**YOUR ASSIGNMENT**
Repeat all of the records word for word, but skip any picture.

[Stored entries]
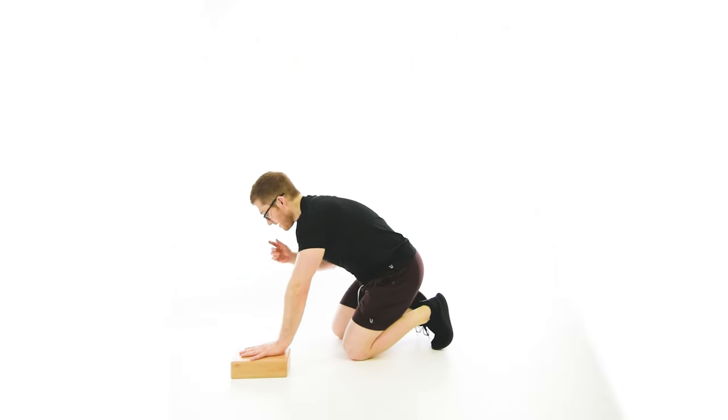The one-hand elevated push-up is a good way to introduce some twisting in the upper body as you're doing your pushing movements. If you get a lot of neck tightness when you do push-ups, this is a good one to try.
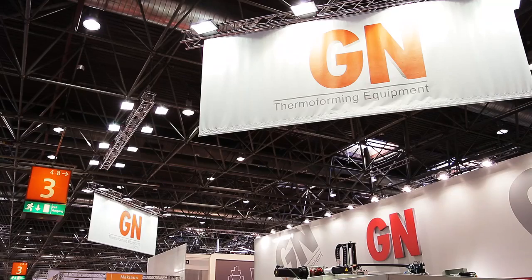If you want any more information about our company, please visit GNCanada.com.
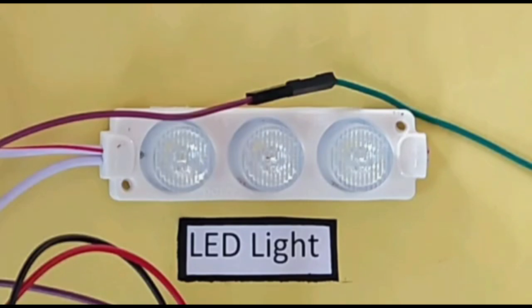Now, when we turn on the adapter, the LED glows up due to the infrared light measured by the PIR sensor.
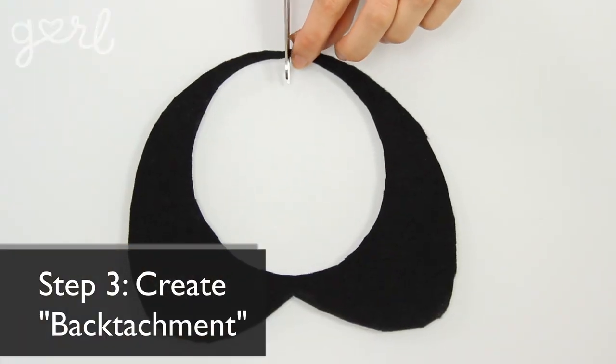Now this should go without saying, but since you're cutting this collar specifically for your neckline, it's not going to be able to go over your head. That's why step three is to create an attachment for the back of your collar — or what I'm going to call a back-tachment. Using your scissors, carefully cut and divide your back collar. You're going to take this thing apart just to put it back together again. But that way it's very easy to put on and to take off, just like a necklace.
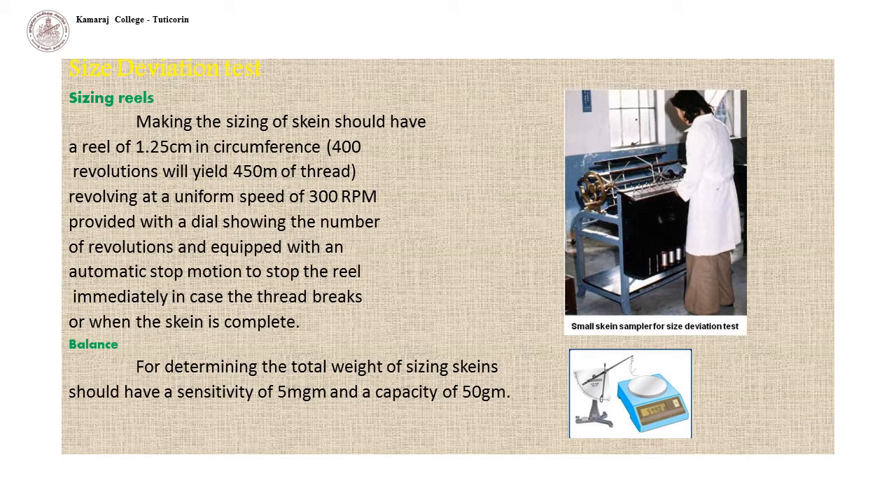Size deviation test. The machine for making the sizing of skeins should have a reel of 1.25 cm in circumference, such that 400 revolutions yield 450 meters of thread, revolving at a uniform speed of 300 RPM, provided with a dial showing the number of revolutions and equipped with an automatic stop motion to stop the reel immediately if the thread breaks or when the skein is complete.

**TASK SOLUTION**
The one-hand elevated push-up is a good way to introduce some twisting in the upper body as you're doing your pushing movements. If you get a lot of neck tightness when you do push-ups, this is a good one to try.
If you want any more information about our company, please visit GNCanada.com.
Now, when we turn on the adapter, the LED glows up due to the infrared light measured by the PIR sensor.
Now this should go without saying, but since you're cutting this collar specifically for your neckline, it's not going to be able to go over your head. That's why step three is to create an attachment for the back of your collar — or what I'm going to call a back-tachment. Using your scissors, carefully cut and divide your back collar. You're going to take this thing apart just to put it back together again. But that way it's very easy to put on and to take off, just like a necklace.
Size deviation test. The machine for making the sizing of skeins should have a reel of 1.25 cm in circumference, such that 400 revolutions yield 450 meters of thread, revolving at a uniform speed of 300 RPM, provided with a dial showing the number of revolutions and equipped with an automatic stop motion to stop the reel immediately if the thread breaks or when the skein is complete.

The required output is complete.